Kenzo Eyewear: East Meets West, In Full Color

Few fashion houses have built an identity as visually loud, joyful, and unmistakable as Kenzo. From its earliest days in Paris, the brand made color and pattern its whole point — and that same fearless approach has carried directly into its eyewear collections. Here's the story of how it all started.

A boat trip that changed fashion history

Kenzo Takada was born in 1939 in Himeji, Japan. Even as a child, he was drawn to fashion, flipping through his sister's fashion magazines, and at 19 he made an unusual choice for the era: he enrolled at Tokyo's prestigious Bunka Fashion College, becoming the school's first male student.

In 1964, Takada made an even bigger leap, moving to Paris — arriving, notably, by boat, landing first in Marseille before making his way to the French capital. He'd planned only a short stay, but Paris became his permanent home. After several years of financial struggle, he finally opened his own boutique in 1970 at the Galerie Vivienne, decorated with a jungle-inspired interior and initially named "Jungle Jap." He created his first womenswear collection that same year, launched using around $200 worth of discounted fabric bought in Montmartre.

Building the Kenzo name

Takada's early success came fast. His debut show was an immediate sensation, and Takada soon landed on the cover of ELLE — remarkable recognition for one of the only non-French, and the first Japanese, designers working in Paris at the time. His signature sense of color and pattern, combining Japanese aesthetics with Western silhouettes, gave him a foothold in Parisian fashion well before designers like Yohji Yamamoto or Issey Miyake achieved similar recognition. The brand's name officially changed from "Jungle Jap" to simply "Kenzo" following a 1976 New York fashion show, after the American market considered the original name inappropriate.

Kenzo went on to expand into menswear in 1983, followed by children's and home collections in 1987, and fragrance in 1988. But in 1990, following the death of his life partner and a health crisis affecting his business partner, Takada made the difficult decision to sell the company.
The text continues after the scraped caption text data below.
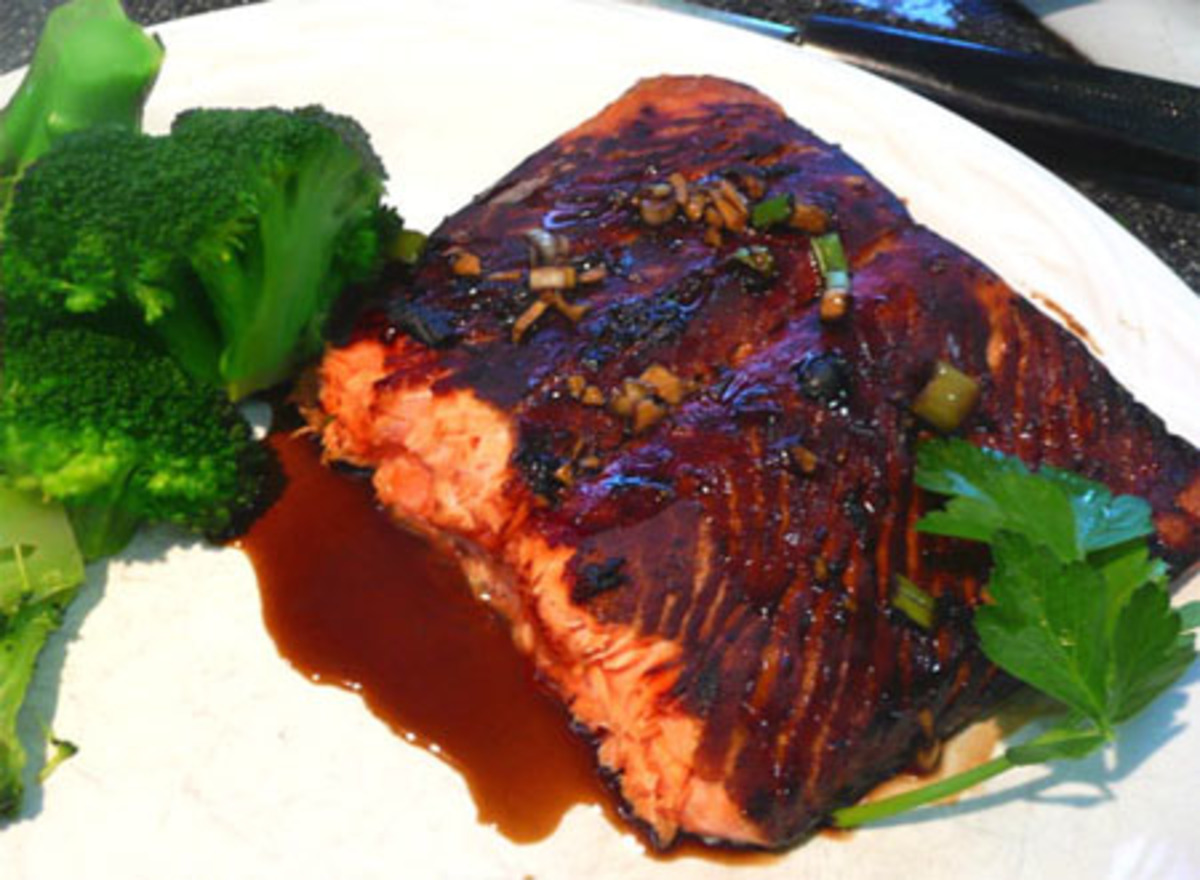 Honey-Soy Glazed Salmon with Charred Broccoli and Sesame Seeds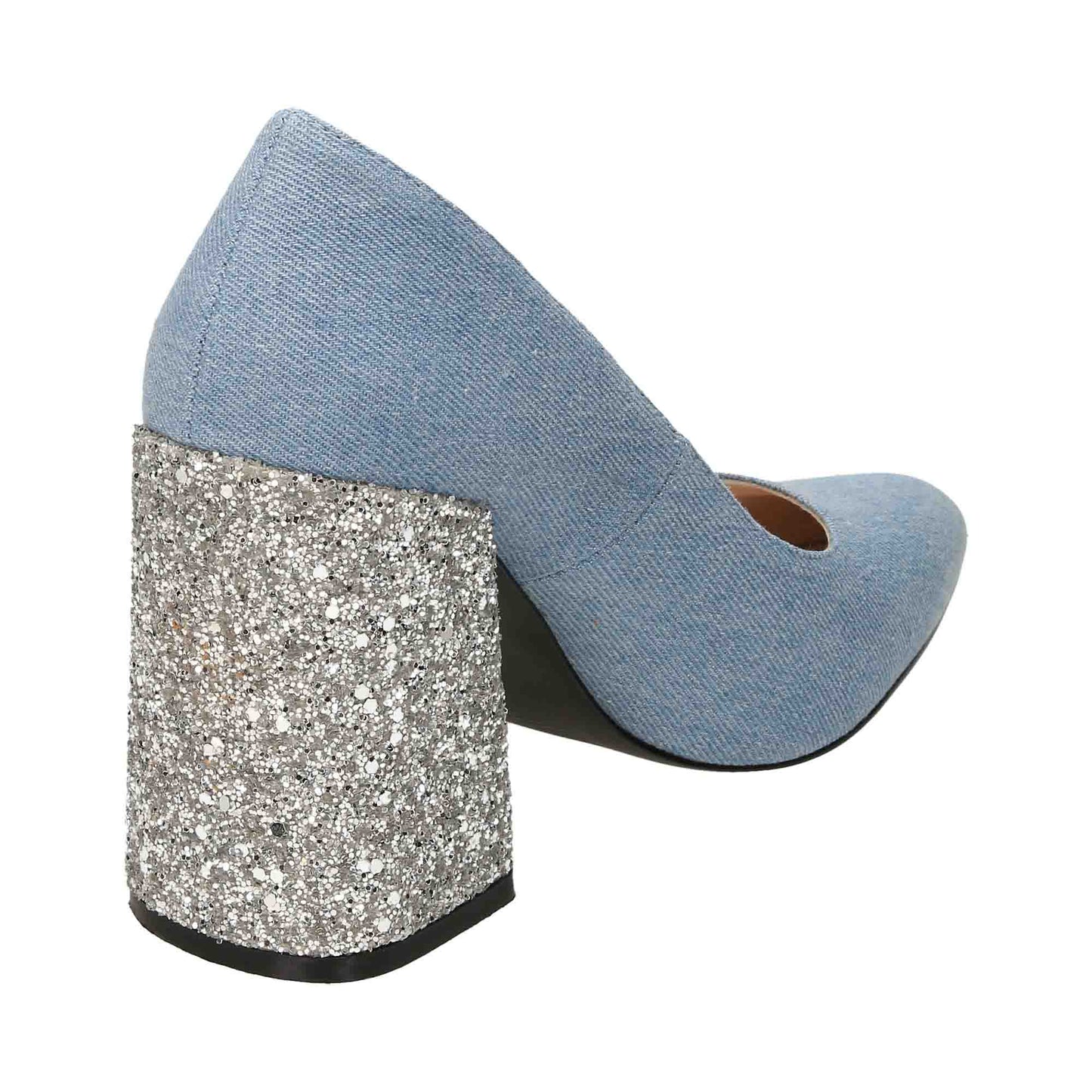Ladies Blue Court Shoes High Heel Silver Glitter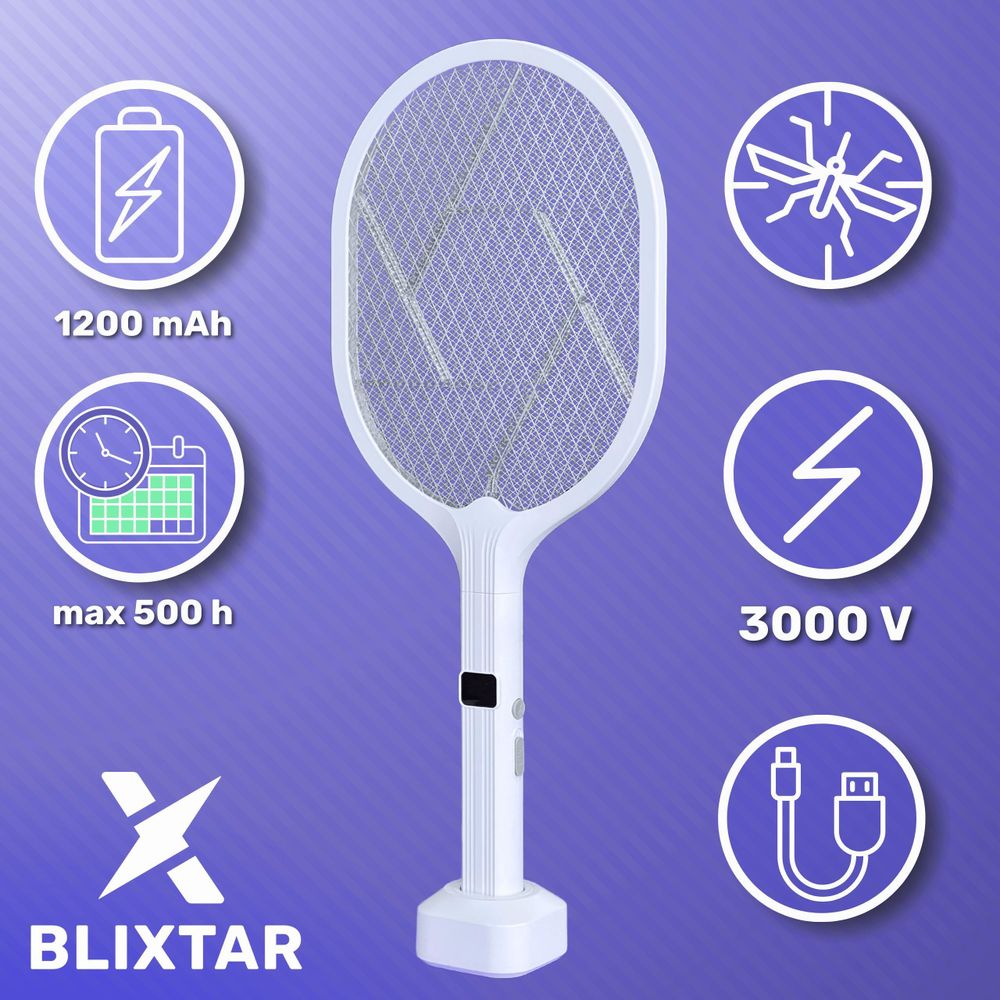 Elektrische 2in1 Insektizide Moskito Fliegenfalle LED Licht Fliegenklatsche Mücken Insektenvernichter BLIXTAR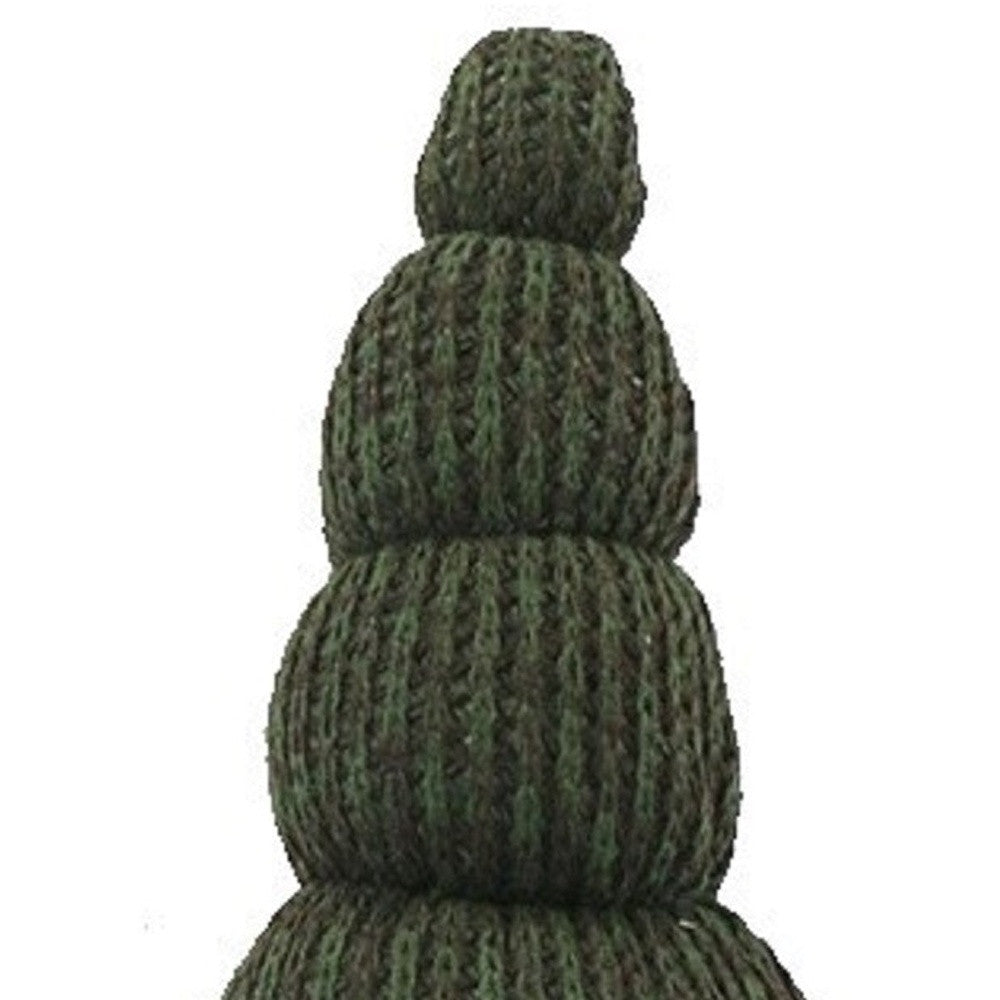 14" Green Chunky Knit Hat Fabric Sitting Gnome Sculpture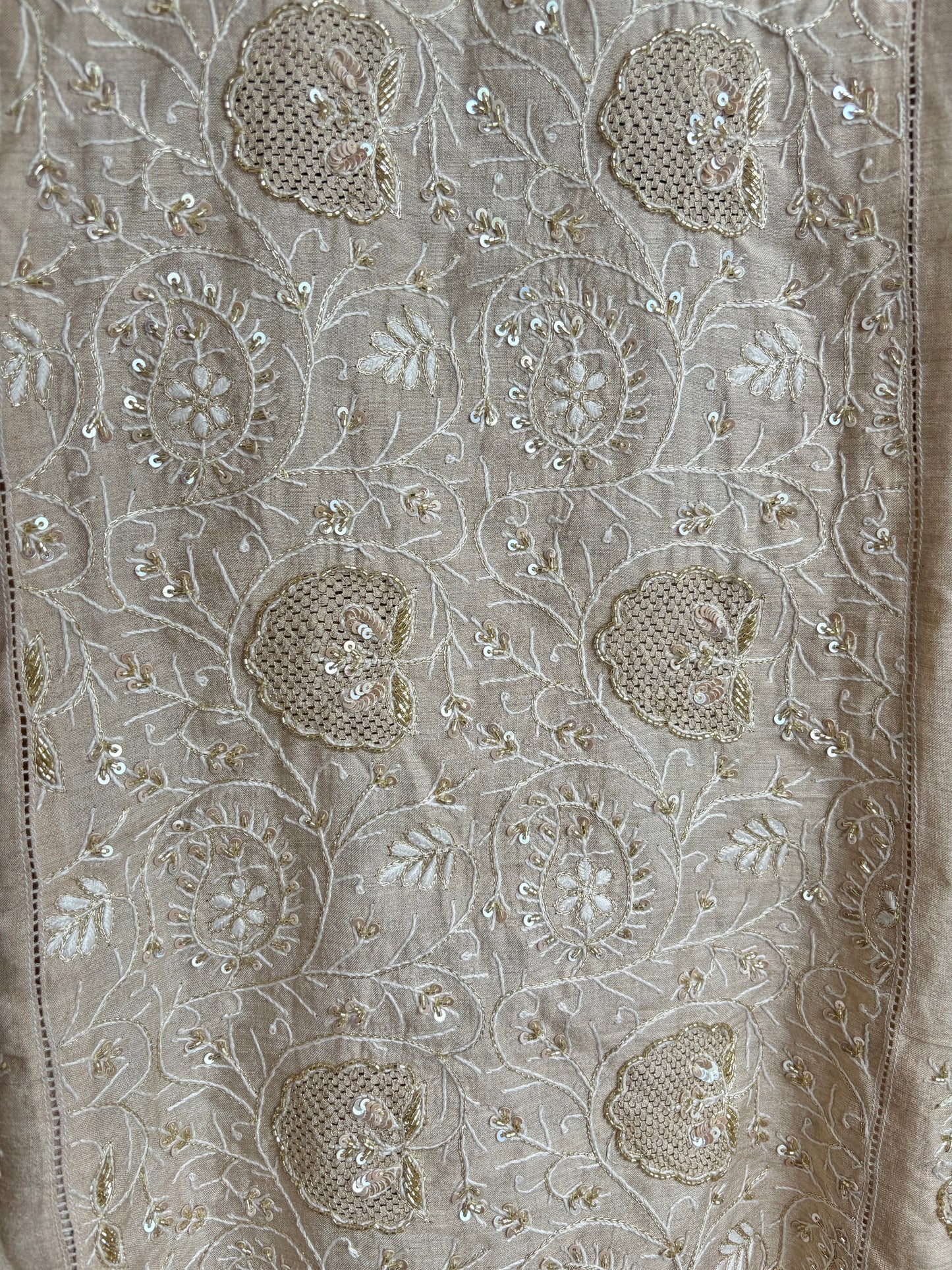 Dyeable Natural Silk Chikankari Kurta and Dupatta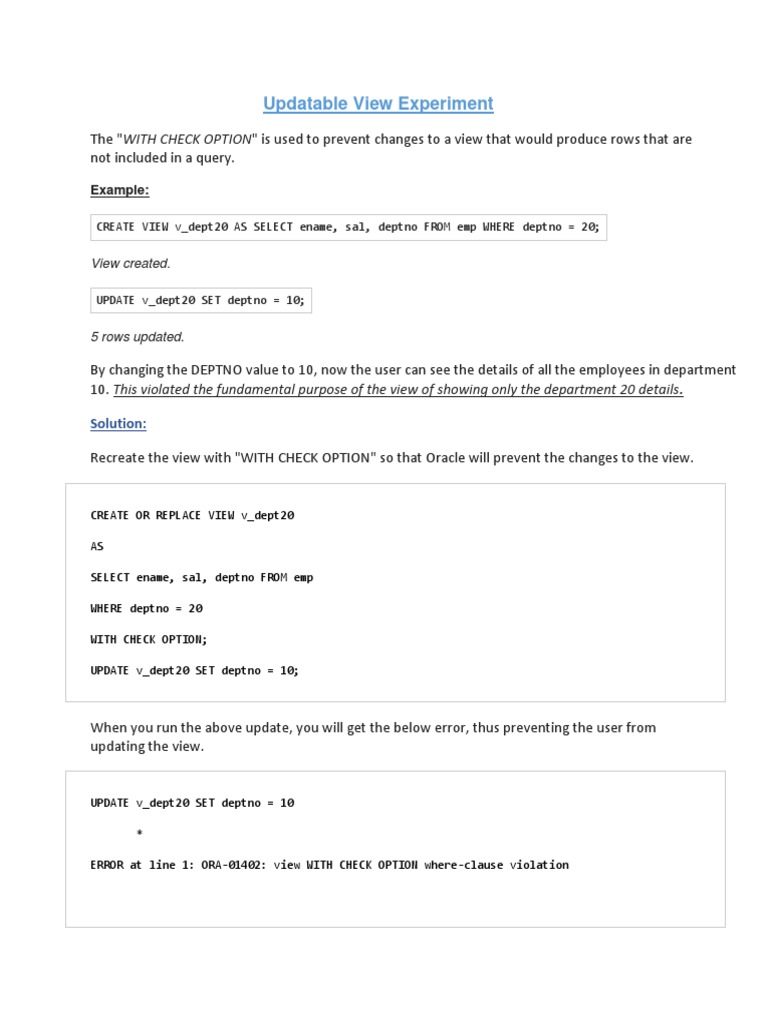 Updatable View Experiment: Solution | PDF | Finance & Money Management ...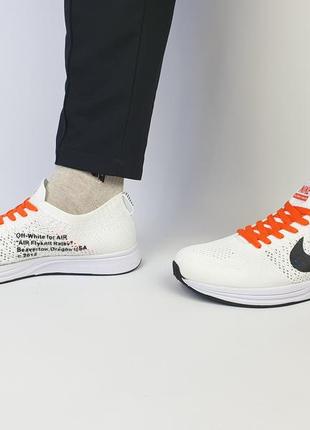 Кроссовки мужские летние белые nike flyknit racer foam x off white. легкие кроссовки на лето найк флайнит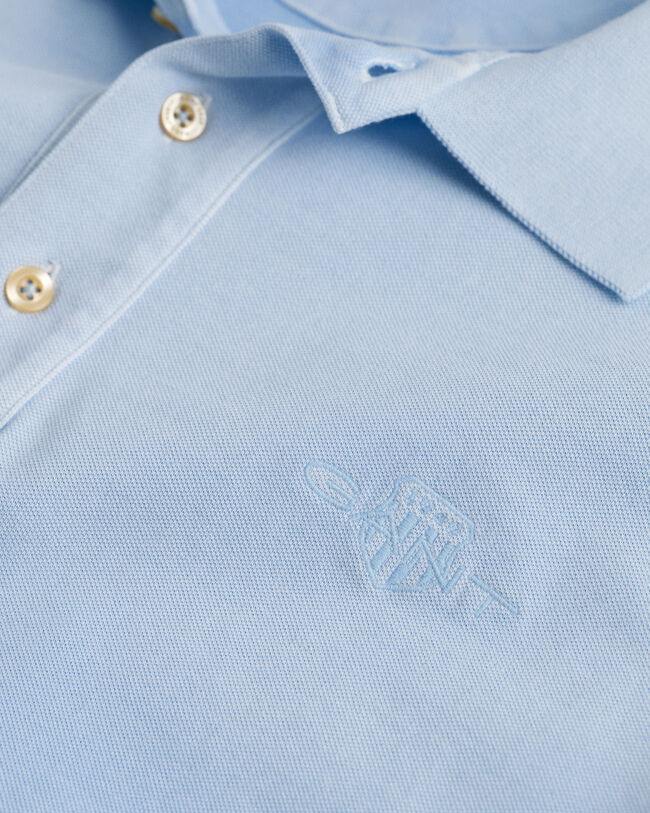 Polo in piqu&eacute; tinto a spruzzo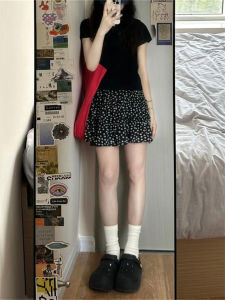 Váy Ngắn Hoa Mùa Hè Màu Trắng Cạp Cao Chữ a Váy Ngắn Nửa Thân Nữ Váy Ngắn Phong Cách Hàn Quốc Mùa Hè Mới Váy Ngắn Họa Tiết Nhỏ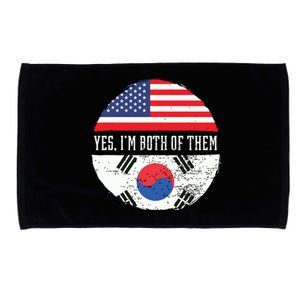 Half American Half South Korean USA Flag South Korea DNA Microfiber Hand Towel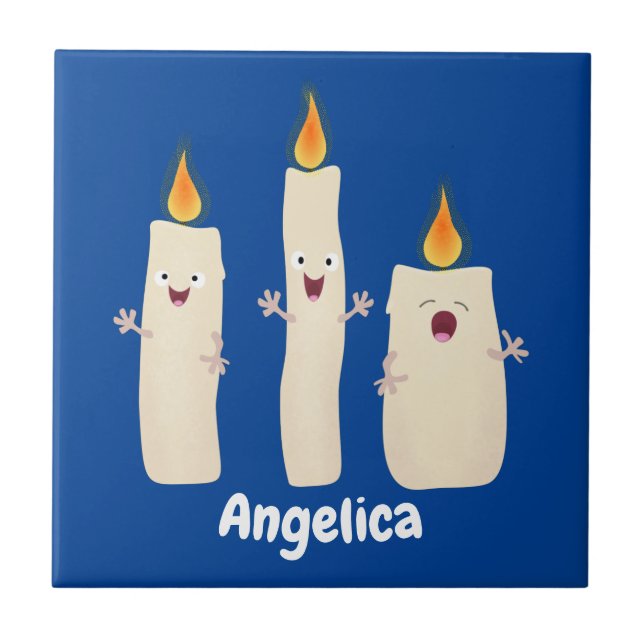 Cute singing candle trio cartoon tile (Front)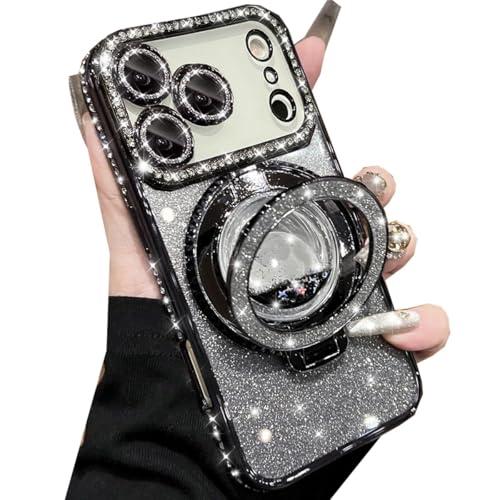 Changjia Glitter Kickstand Case for iPhone 17 Pro Max,Cute Bling Sparkly Diamond Rhinestone with Camera Lens Protector Liquid Flowing Ring Stand TPU Bumper Women Girls Case for iPhone 17 Pro Max,Black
He remained involved with the label for a few more years before fully retiring from fashion in 1999, and passed away in October 2020.

Eyewear finds its place

Kenzo eyewear developed as part of the brand's broader accessories expansion after Takada's departure, continuing under the ownership of LVMH, which had acquired the company in 1993. From 2010 to 2018, Kenzo's eyewear collections were produced and distributed through a partnership with French manufacturer L'Amy, translating the house's boldly patterned, color-driven design language into sunglasses and optical frames.

Separately, in 2014, Kenzo Takada himself launched an eyewear collaboration with Masunaga, a renowned Japanese eyewear manufacturer founded in 1905 — a personal project distinct from the Kenzo fashion house he'd sold decades earlier. That collaboration, blending traditional Japanese craftsmanship with Takada's design sensibility, earned the Silmo d'Or (a top honor in the eyewear industry) for its Sunglass category in 2014.

A design language built on fearless color

Kenzo's fashion-house eyewear leans fully into the brand's founding identity: bold colors, playful patterns, and unexpected textures. Recurring motifs echo Takada's original design signatures — his tiger imagery, introduced in the 1970s as part of the brand's embrace of animal references and global craft traditions, and his floral prints, which decorated his very first boutique and collections. Recent collections have continued this legacy under new creative leadership, including designer Nigo, the first Japanese designer to lead Kenzo since Takada's original departure, who has brought his own background in street culture into the eyewear line's more recent, edgier styles.

Where the brand stands today

Modern Kenzo eyewear spans oversized shapes, geometric silhouettes, and unconventional cut-outs, crafted from acetate, metal alloys, and lightweight plastics, with an increasing focus on eco-friendly and recycled materials. Whether channeling Takada's original floral and tiger motifs or Nigo's more contemporary streetwear sensibility, the collection remains true to one consistent idea: fashion, and eyewear, should be alive with color.